- [EXERCISE]: In the data below, set down exactly the lines from the one containing "Detienen en CDMX" up to and including the one containing "Manfrotto Aluminium-trebensstativ MKBFR1A4B-BH". Leave the pictures out.

── DATASET EXCERPTS

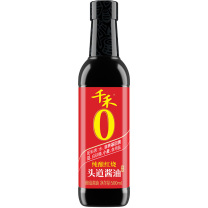 千禾 草菇零添加老抽 500ML 箱规500ML*12 多点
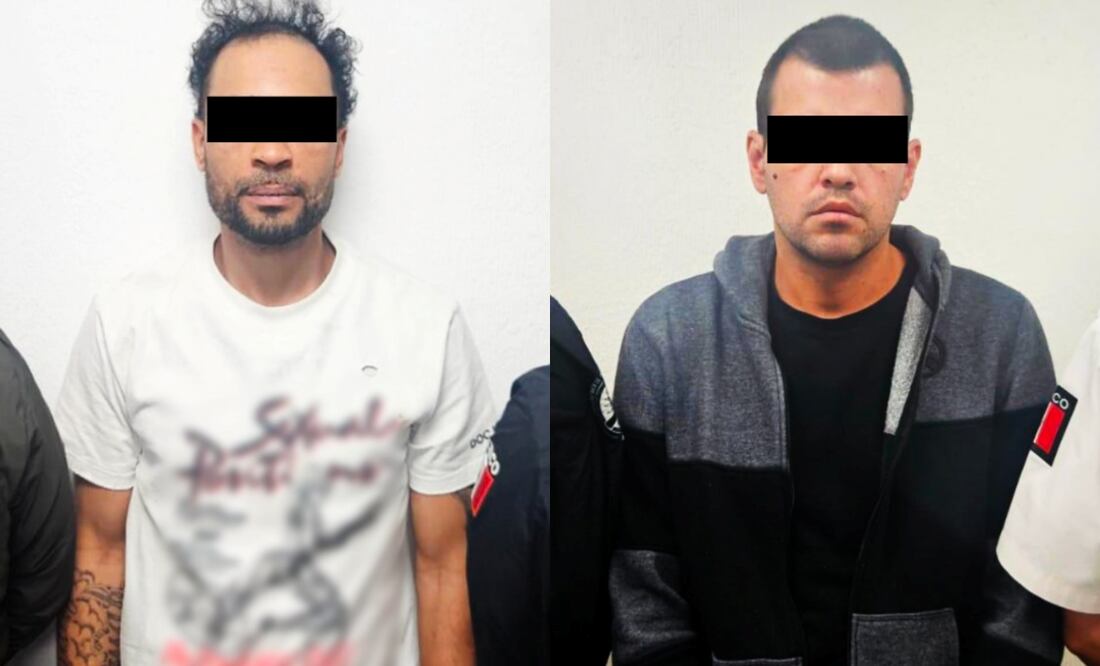 Detienen en CDMX a dos estadounidenses buscados por conspiración criminal en EU (01/11/2025). Fotos: Especiales
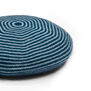 Navy striped cashmere beret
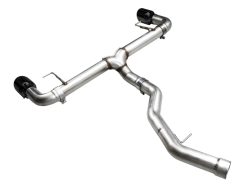 AWE 19-23 BMW 330i / 21-23 BMW 430i Base G2X Track Edition Axle Back Exhaust - Diamond Black - Image 4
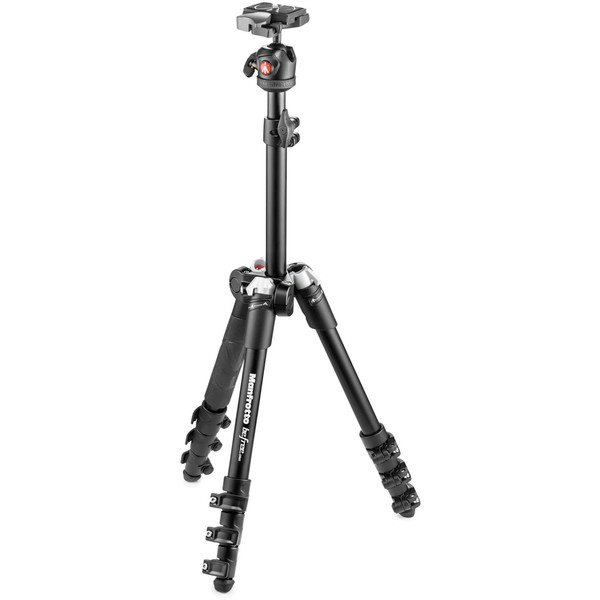 Manfrotto Aluminium-trebensstativ MKBFR1A4B-BH Befree med Kulhuvud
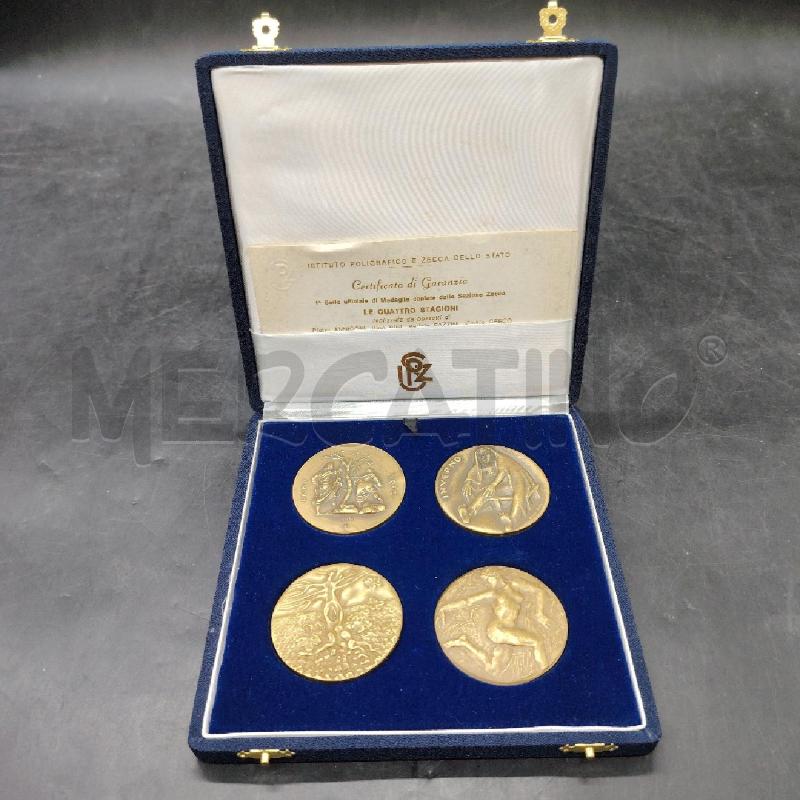 COFANETTO MEDAGLIE LE QUATTRO STAGIONI | Mercatino dell'Usato Roma eur 1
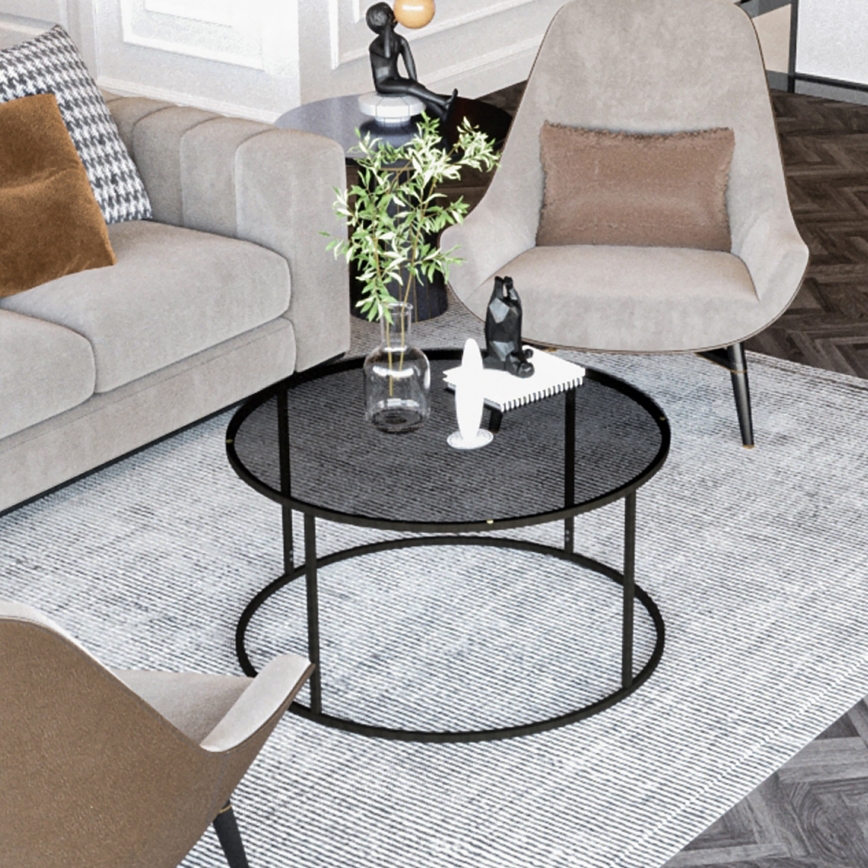 Mesa de centro STARTIS 80x45 cm preto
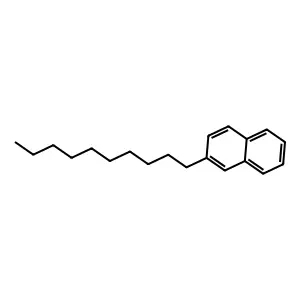 2-Decylnaphthalene structure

────

- [TASK RESULT]:
 Detienen en CDMX a dos estadounidenses buscados por conspiración criminal en EU (01/11/2025). Fotos: Especiales
 Navy striped cashmere beret
 AWE 19-23 BMW 330i / 21-23 BMW 430i Base G2X Track Edition Axle Back Exhaust - Diamond Black - Image 4
 Manfrotto Aluminium-trebensstativ MKBFR1A4B-BH Befree med Kulhuvud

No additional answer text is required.